W niedzielę (17 czerwca) uroczyście zostaną zakończone czterodniowe zmagania ludzi sprawnych inaczej, którzy w Goduszynie, w stadninie „Gostar” wzięli udział w edycji Olimpiad Specjalnych.
W imprezie uczestniczyło 50 osób z całej Polski.
Wszyscy mogli zmierzyć się z własnymi słabościami i udowodnić, że mimo różnego stopnia niesprawności, są w stanie sprostać temu, czego boi się nie jeden pełnosprawny człowiek.
Przez cztery dni młodzi i starsi olimpijczycy startowali w różnych konkurencjach, w tym także w siodle, dosiadając koni hodowanych w przyjaznej stadninie. – To zwierzęta bardzo łagodne i odpowiednio ułożone spełniają bardzo ważną rolę w leczeniu ludzi z różnymi niepełnosprawnościami.

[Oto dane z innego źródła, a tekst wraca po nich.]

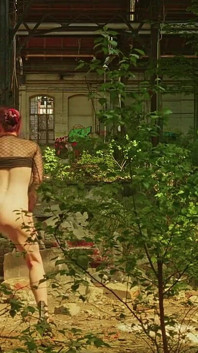 Erotics in Ruins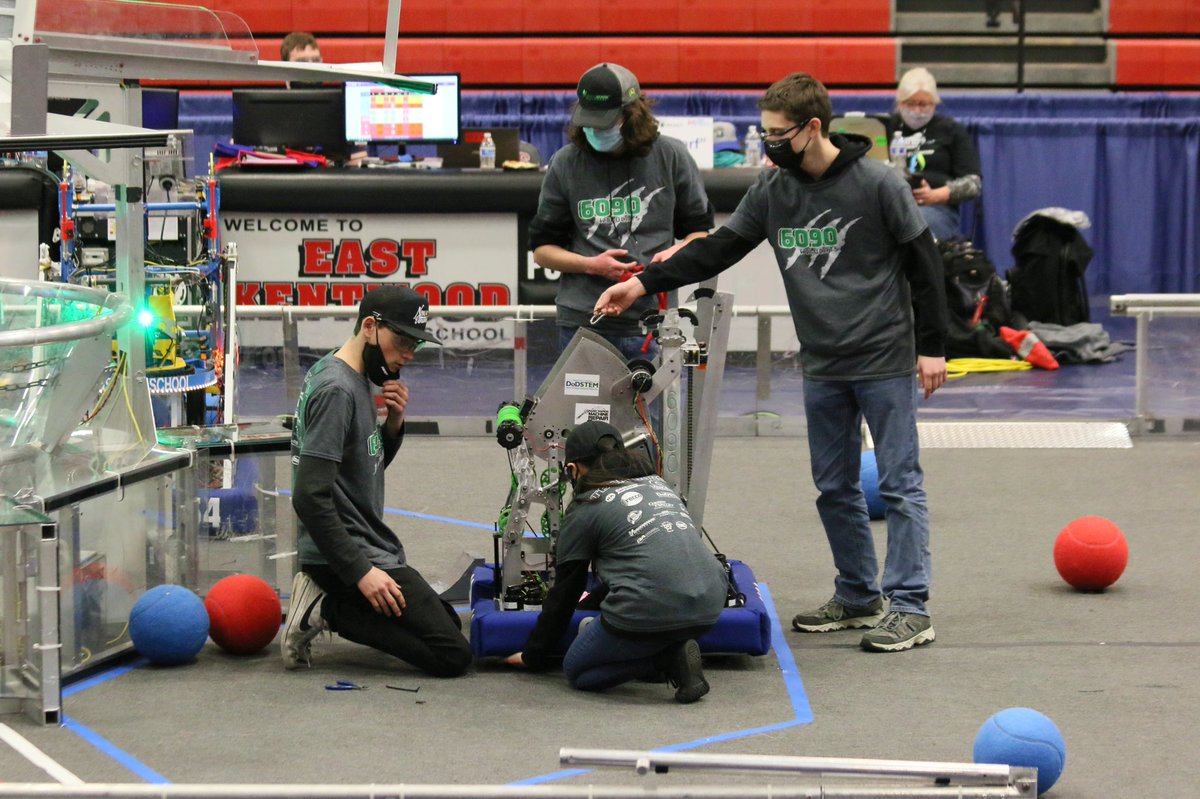 wildcats6090's tweet photo. Competition day at East Kentwood High School Fieldhouse. Come support us. Admission is free. 

East Kentwood High School
6230 Kalamazoo Avenue SE
Kentwood, MI USA

If you can’t make it watch us live at…

https://t.co/z0yRQBz7Np https://t.co/j5uFMJ19p0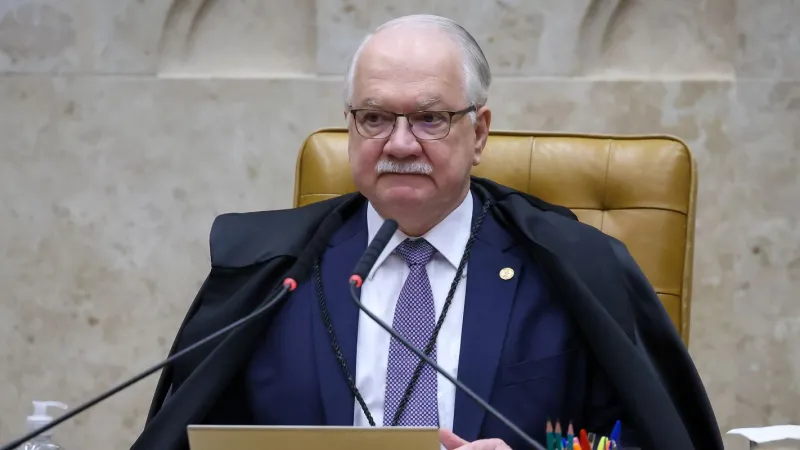 Fachin nega pedido para afastar Dino de ações sobre Flávio Bolsonaro
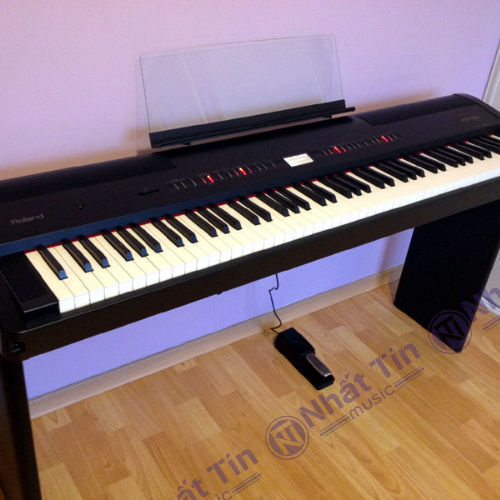 Đàn piano điện Roland FP80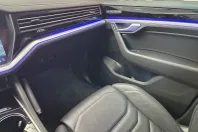 Volkswagen Touareg din 2023 cu 113.800 km - oferta VOL250792 - foto 27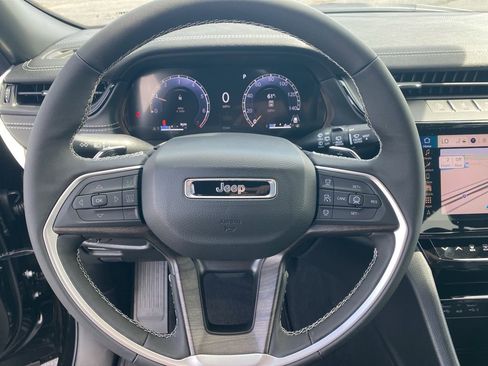 New 2026 Jeep Grand Cherokee L Limited image 16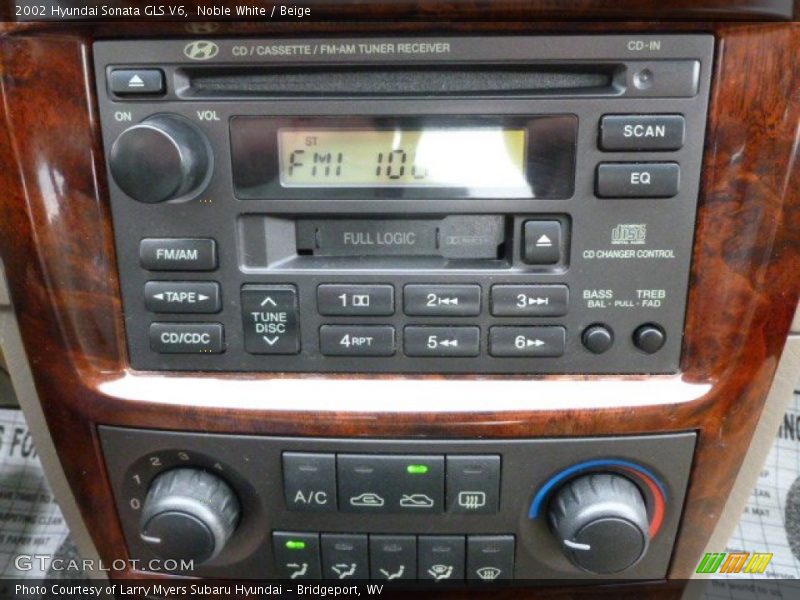Noble White / Beige 2002 Hyundai Sonata GLS V6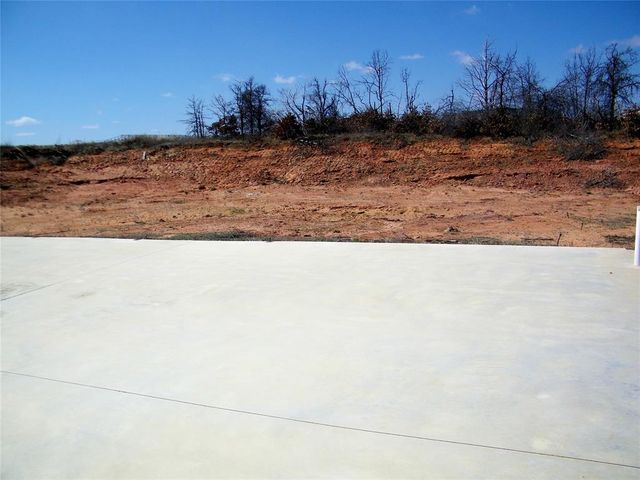 11571 Maui Lane, Edmond, OK 73034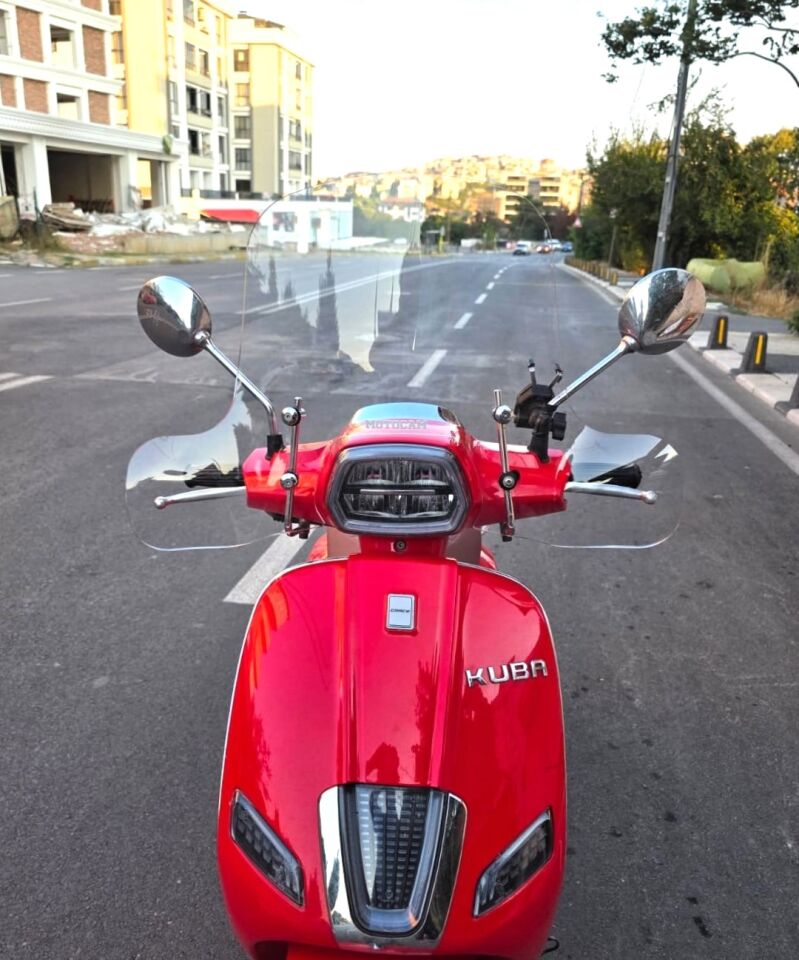 MOTOCAM Küba Az 50 Ön Cam 2023-2026 Model 37cm Şeffaf Renkli Elcikli APARATSIZ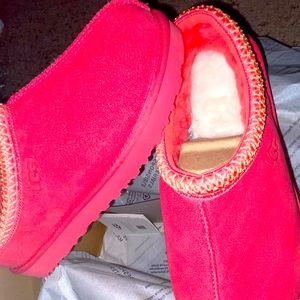 🚫SOLD✅UGG TASMAN PINK GLOW SLIPPERS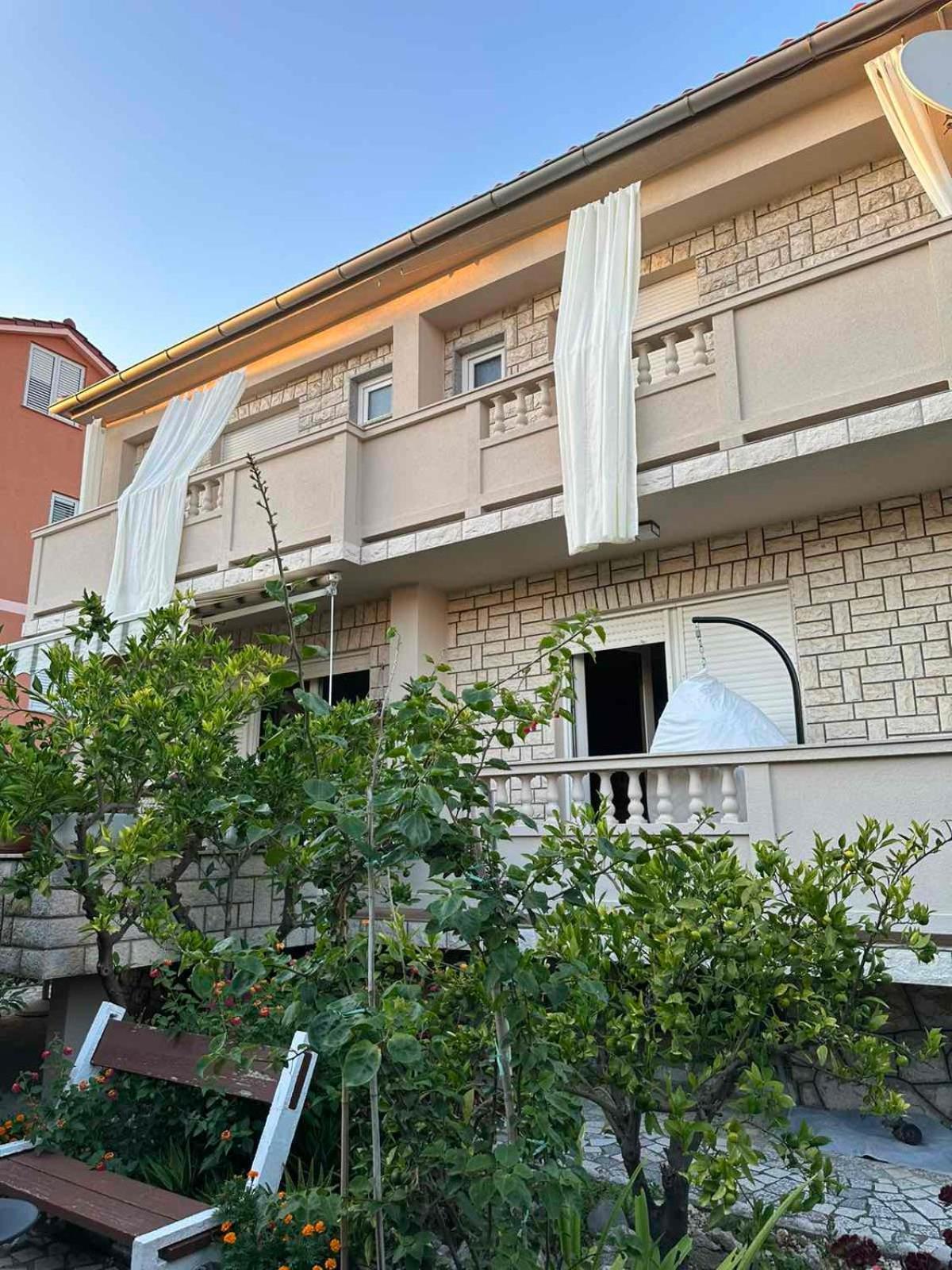 Apartman Branka Rab Town Bagian luar foto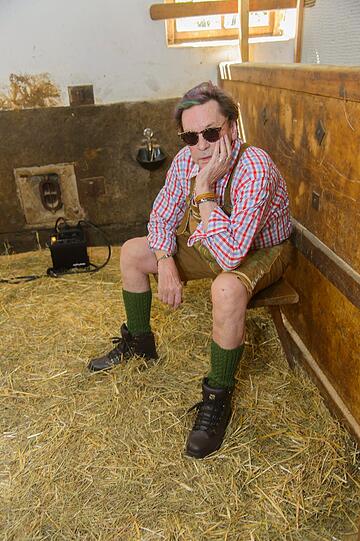Rangelei im Heu, ein satter Griff in den Hosenlatz und dann doch noch ein Busserl: Beim Fotoshooting für das Trachtenlabel "Tu Felix Austria" hat Helmut Berger wieder fur Furore gesorgt. Die Bilder vom Tirolerhof des Tiergartens in Schönbrunn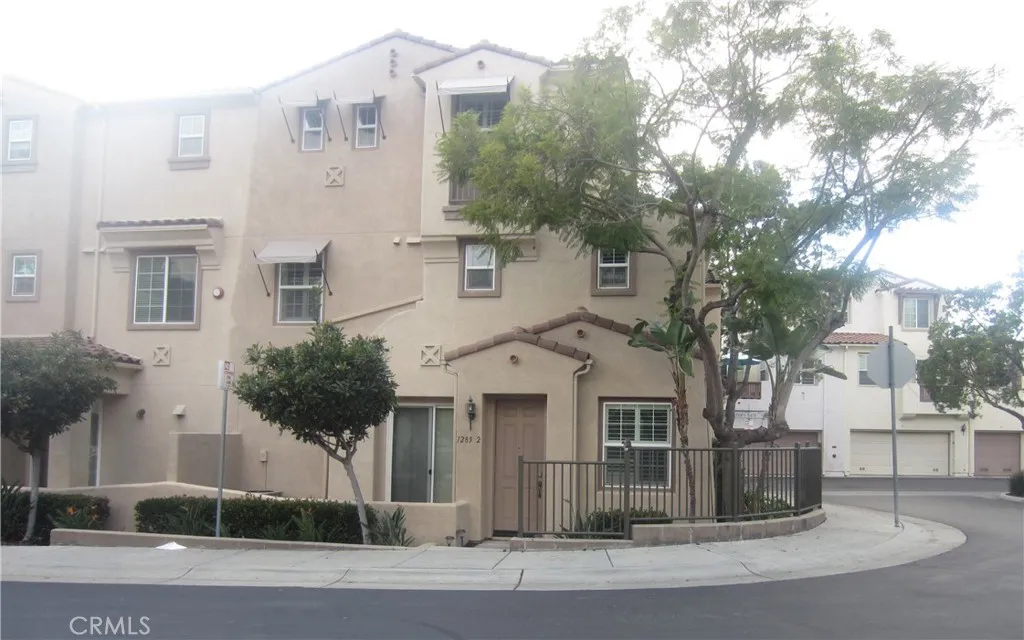 1285 Fools Gold Way 2, Chula Vista, California 91913 home-pic-1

W wielu przypadkach hipoterapia bywa niezastąpiona – mówią organizatorzy. – Jest ona pomocna zwłaszcza młodym ludziom dotkniętym porażeniem mózgowym.
W olimpiadzie nie ma klasyfikacji zwycięzców. Wygrywają wszyscy uczestnicy. Samo przełamanie strachu jest wielkim sukcesem, za który każdy ze startujących dostał ogromne brawa.